Eu fui me dando conta da falta de humanidade, da gravidade da condução do caso, do despreparo do médico —e de todos os profissionais presentes—, que nos largou lá, sozinhos, à mercê do nosso pior pesadelo.

Mas não foi só isso. Meu obstetra me disse que lavaria as mãos, que ele não iria me ajudar a abortar, porque isso era contra o que ele acreditava. Comecei a ativar meus contatos e cheguei até o presidente de uma maternidade bem importante. Descobri que, além da má-formação, os fetos não estavam no lugar certo, e eu estava correndo risco de hemorragia. Mas que, de novo, eu não poderia fazer nada.

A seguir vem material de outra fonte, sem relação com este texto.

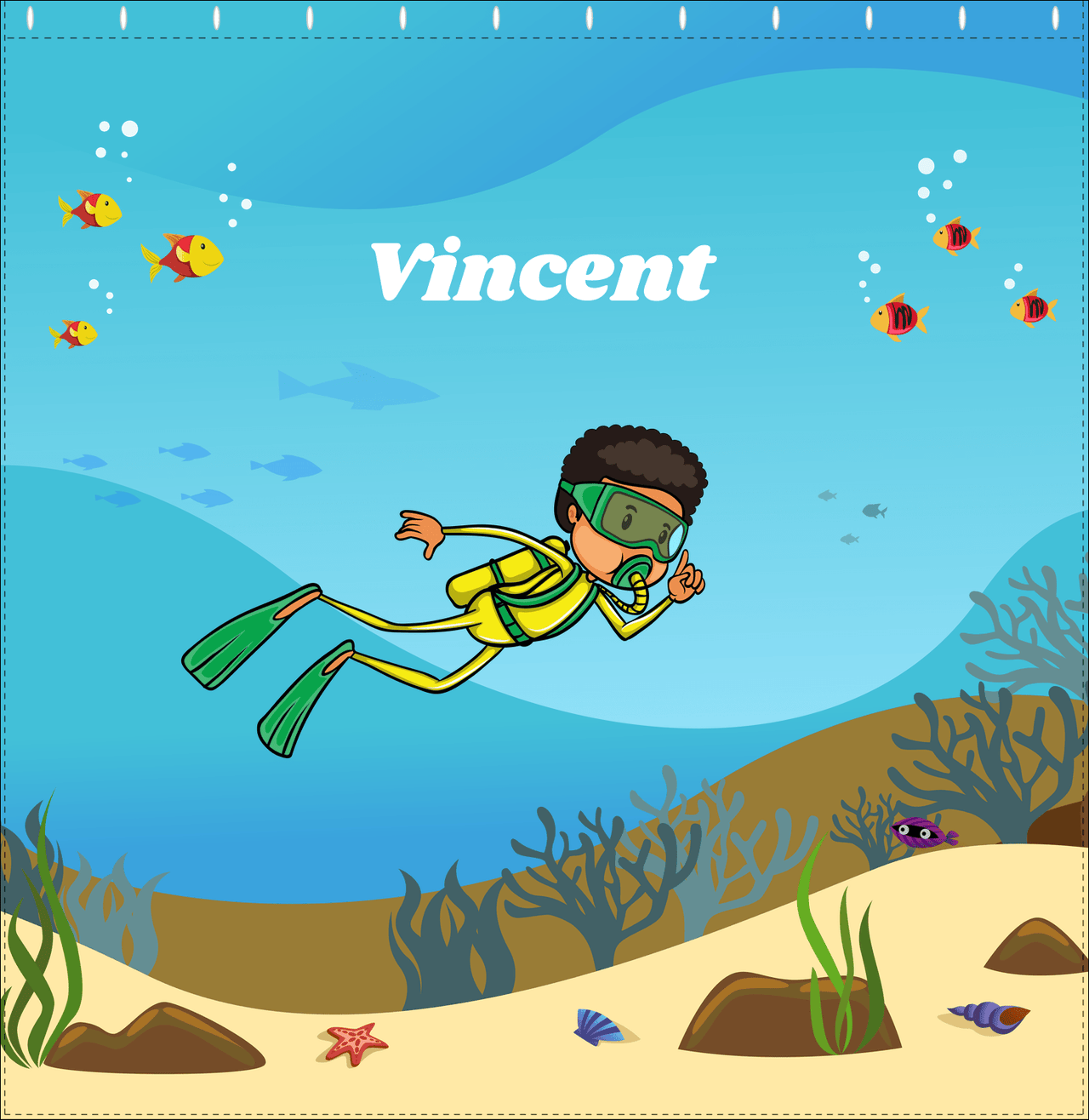 Personalized Beach Shower Curtain IV - Scuba Diving - Black Boy I - Decorate View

Ou seja, meus filhos iriam morrer e, para que isso pudesse acontecer como previa a lei, eu teria que correr risco de vida também.

A única pessoa da área da saúde que me deu algum tipo de solução me disse para ir a uma clínica de cirurgia plástica e tomar um remédio. Falou que eu passaria mal e que deveria ir para o hospital depois.

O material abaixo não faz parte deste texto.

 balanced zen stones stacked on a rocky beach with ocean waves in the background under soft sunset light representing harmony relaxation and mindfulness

Ninguém me deu a mão, ninguém cuidou, ninguém ofereceu ajuda, não havia empatia, não havia nada.

Eu estava na 12ª semana de gravidez, tive que explicar para a minha filha que os irmãos dela não viriam. Como se houvesse algum jeito de explicar...

Eu estava com 38 anos e tive que me conformar que eu não estava protegida por ninguém.

Entendi que eu era impotente.

E se isso acontecia comigo, mulher branca, de família abastada, com uma carreira sólida, cheia de conexões, com um marido maravilhoso? Imagina o que seria de uma mulher pobre e preta? O que ela estaria passando?

E então eu conheci a ira. A raiva. O instinto de sobrevivência.

Não. Eu não ia esperar e testemunhar a morte dos meus filhos, seu sofrimento. Não, eu não ia fazer a minha filha de 5 anos assistir a esse sofrimento com a minha conivência e omissão. Não, eu não ia fazer o que me mandavam fazer. Que se foda o que diz a Bíblia, que se foda o que diz a Igreja e que se foda o que diz a lei.

Aqueles eram meus filhos e não havia nada nem ninguém que me impedisse de interromper o sofrimento deles e da minha filha. E não haveria nada que me faria achar que eles eram monstruosidades. Nada.

Não há nada que uma mãe não faça pelos filhos. Nada.

E por todos os privilégios que me cabiam fui para um país civilizado, no final daquele mesmo mês. Um local que trata as mulheres com a dignidade que a gente merece, que considera aquele momento o pior da vida de uma mulher.

Lá, encontrei o primeiro olhar que eu reconhecia. Na cadeira em frente à clínica, uma mulher com a minha idade e que provavelmente foi fazer o mesmo que eu fui: interromper uma gestação.

Porque só outra mulher sabe o que é isso. E aí eu conheci a sororidade silenciosa. Aquele olhar que te abraça a alma, que diz que entende o que você está passando. Pela primeira vez.

E aí eu conheci a resiliência, a minha, a potência, a convicção, a maternidade pós-vida, a conexão que não pode ser quebrada com os nossos filhos.

Não há homem, não há governo, não há religião, não há nada capaz de segurar uma mulher que pense sozinha, que tenha autonomia, que tenha afeto por si mesma.

Mas há homens, há governos e há religiões que nos deixam inseguras e que nos matam todos os dias.

A gente precisa falar sobre isso, falar alto, gritar, isso acontece com muitas de nós, todos os dias. Não bastasse o luto da perda, ainda temos que lidar com o julgamento de quem deveria cuidar da gente.

Eu desejo que cada uma de nós conheça a própria potência. Desejo que cada uma de nós acolha e esteja apta a estar na trincheira para que nenhuma mulher e mais nenhuma menina seja obrigada a morrer.

Uma última coisa: o mundo não vai mudar com esperança. O mundo quem muda somos nós. Cada um dos direitos femininos conquistados custou as vidas de muitas de nós.

Que sejamos capazes de impedir o retrocesso. Contem comigo."